* **EXERCISE INSTRUCTIONS**: Only the text should be kept: print every entry below exactly and leave each image out.

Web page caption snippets
____________________

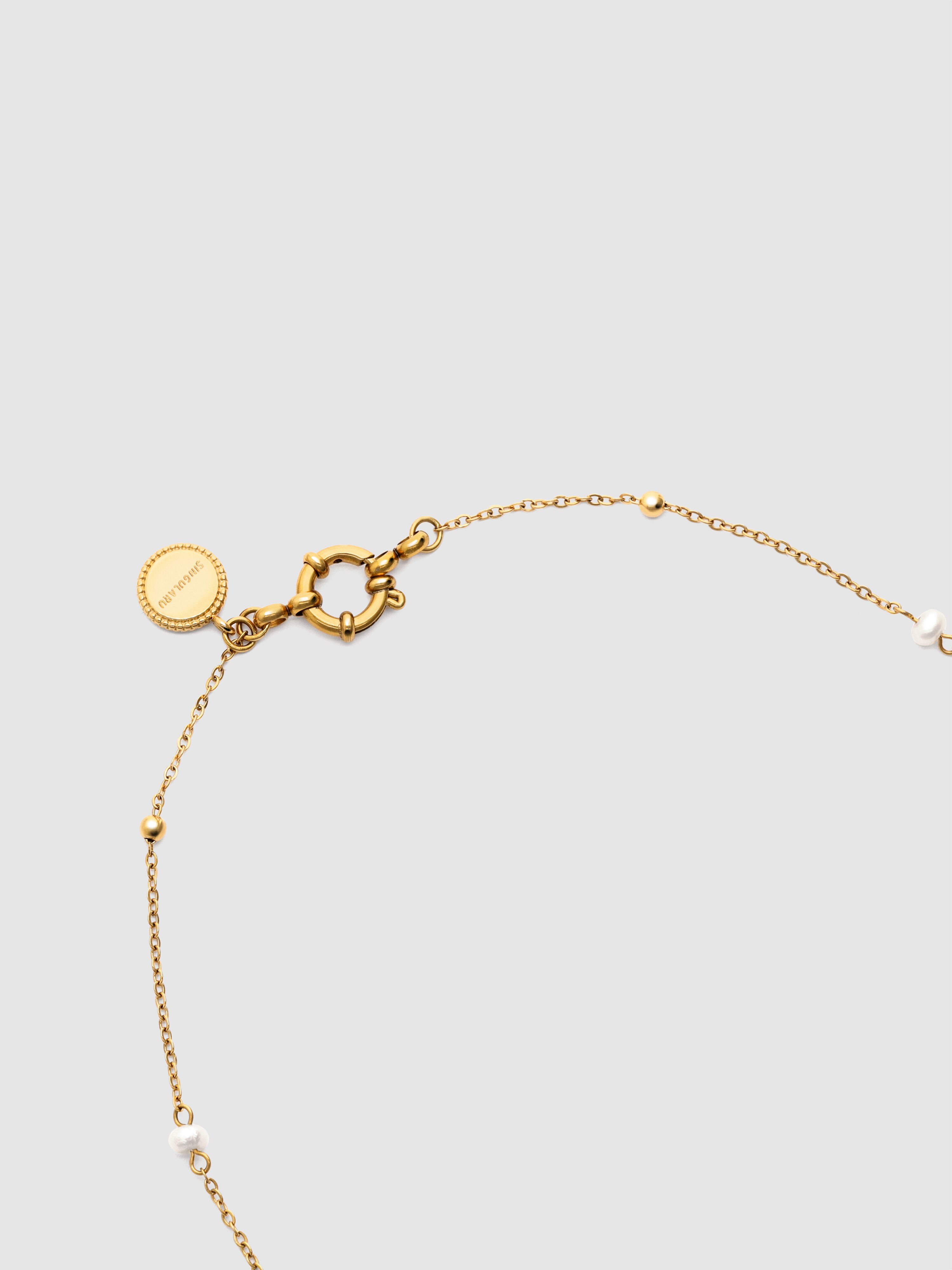 Colar Long Pearl Dots de Aço Banhado a Ouro Dourado-3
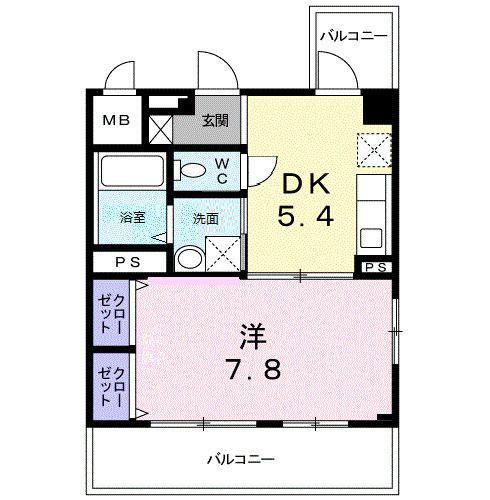 シャトレエレガン(1DK/4階)の間取り写真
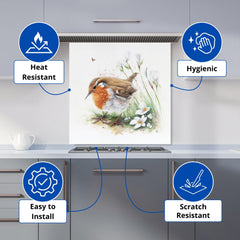 Robin And Daisies Watercolour Kitchen Splashback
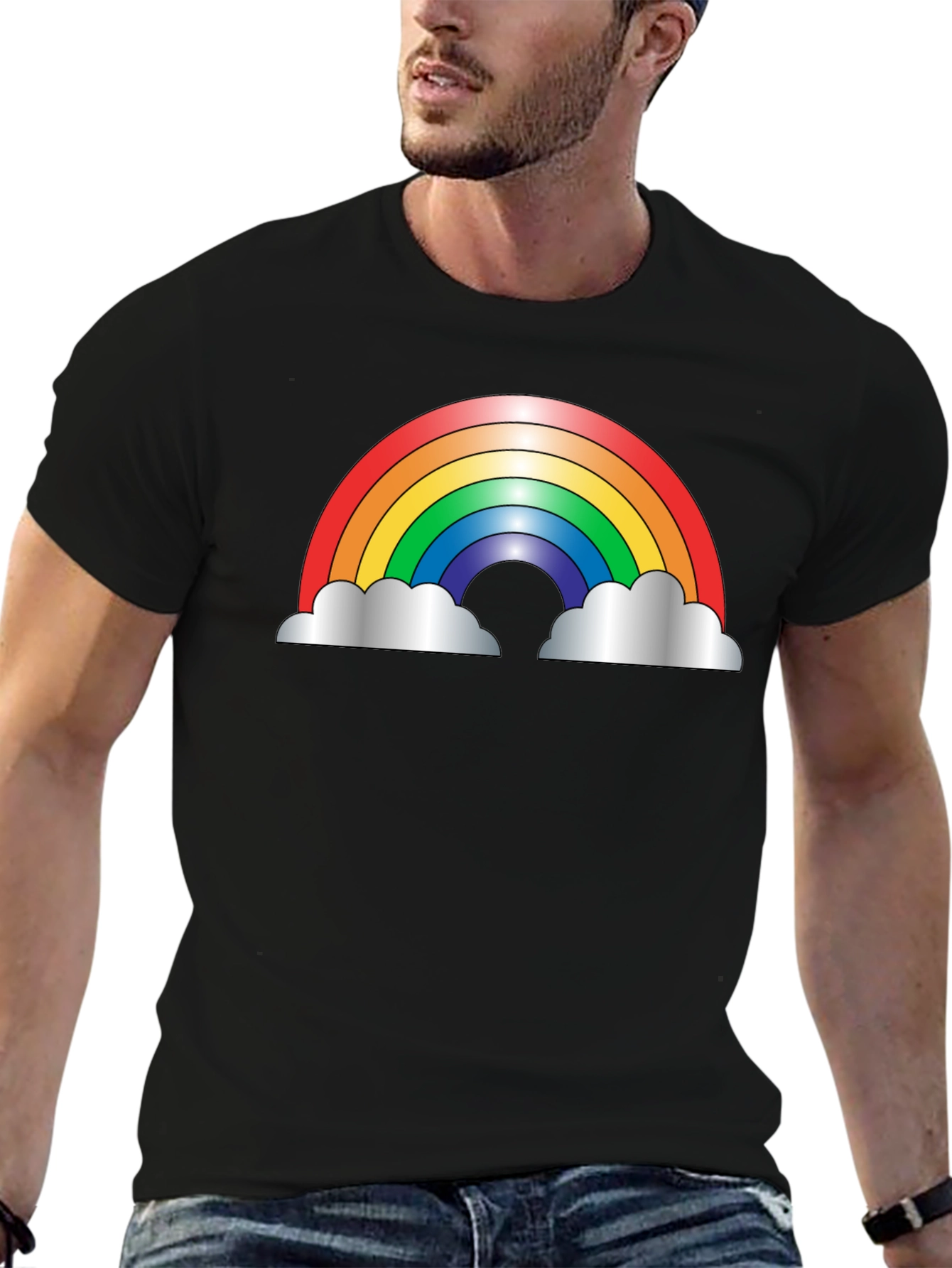 Rainbow Cloud Graphic Black T-Shirt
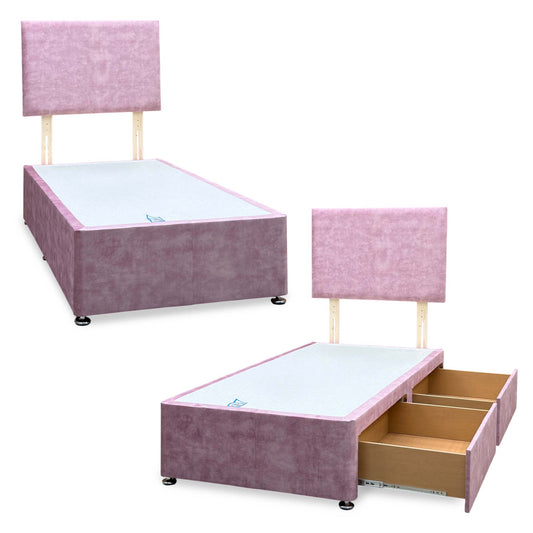Rosie spice pink velvet single divan base with strutted headboard, two angles with the two drawers open in one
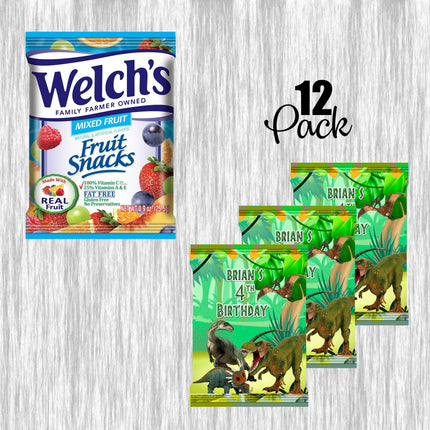 Dinosaurs Fruit Snack Label Sticker for Kids Birthday Party Favor Decor Custom Physical Product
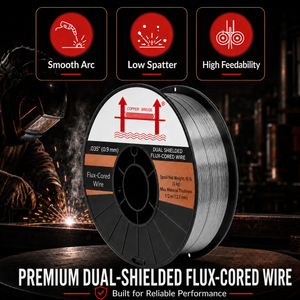 AWS E71T-1C .035 in (0.9 mm), 10 lb (5 kg) Spool, Dual Shielded Flux-Cored Wire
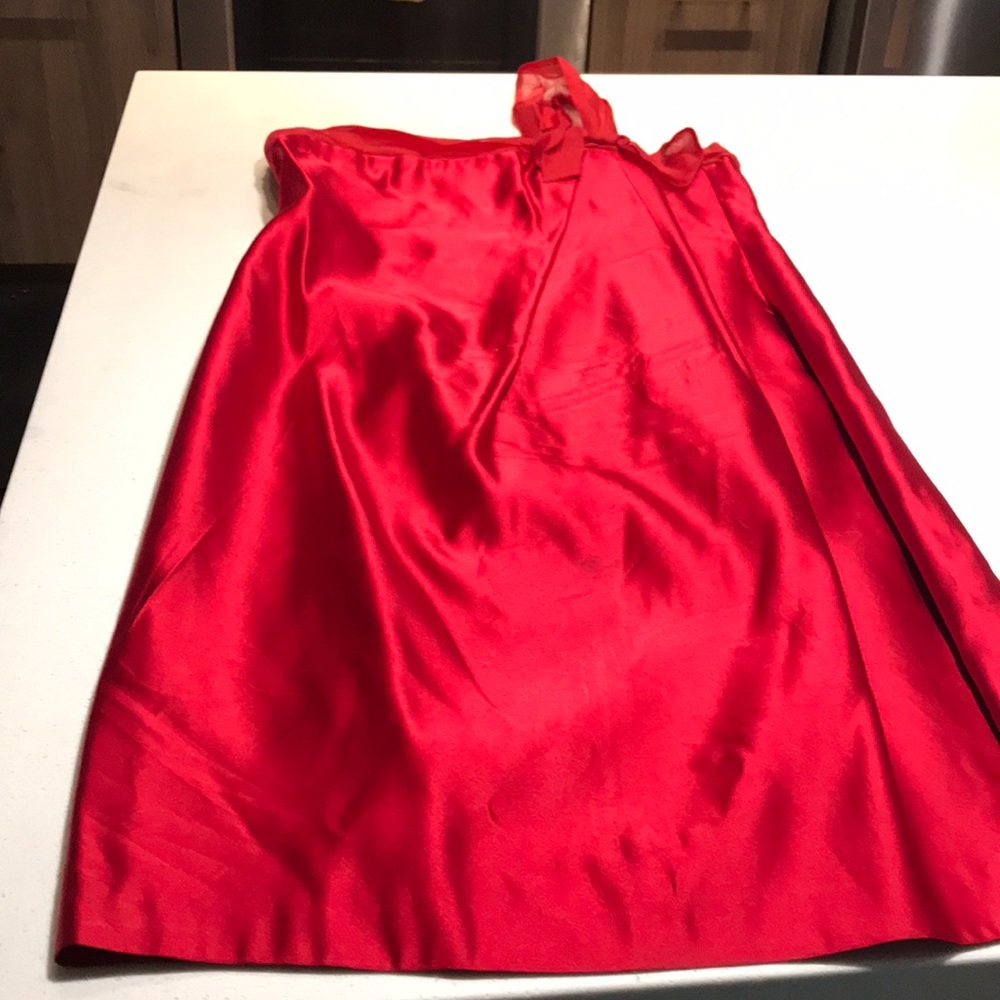 Jayson Brunston red silk cocktail dress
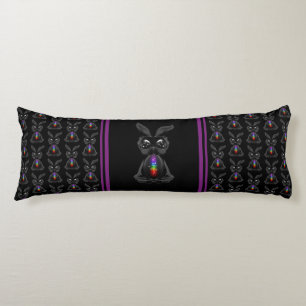 Cute Black Rabbit with Chakra Rainbow Soul Body Cushion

____________________

* **REPLY TO THE EXERCISE**:
 Colar Long Pearl Dots de Aço Banhado a Ouro Dourado-3
 シャトレエレガン(1DK/4階)の間取り写真
 Robin And Daisies Watercolour Kitchen Splashback
 Rainbow Cloud Graphic Black T-Shirt
Rosie spice pink velvet single divan base with strutted headboard, two angles with the two drawers open in one
 Dinosaurs Fruit Snack Label Sticker for Kids Birthday Party Favor Decor Custom Physical Product
 AWS E71T-1C .035 in (0.9 mm), 10 lb (5 kg) Spool, Dual Shielded Flux-Cored Wire
 Jayson Brunston red silk cocktail dress
 Cute Black Rabbit with Chakra Rainbow Soul Body Cushion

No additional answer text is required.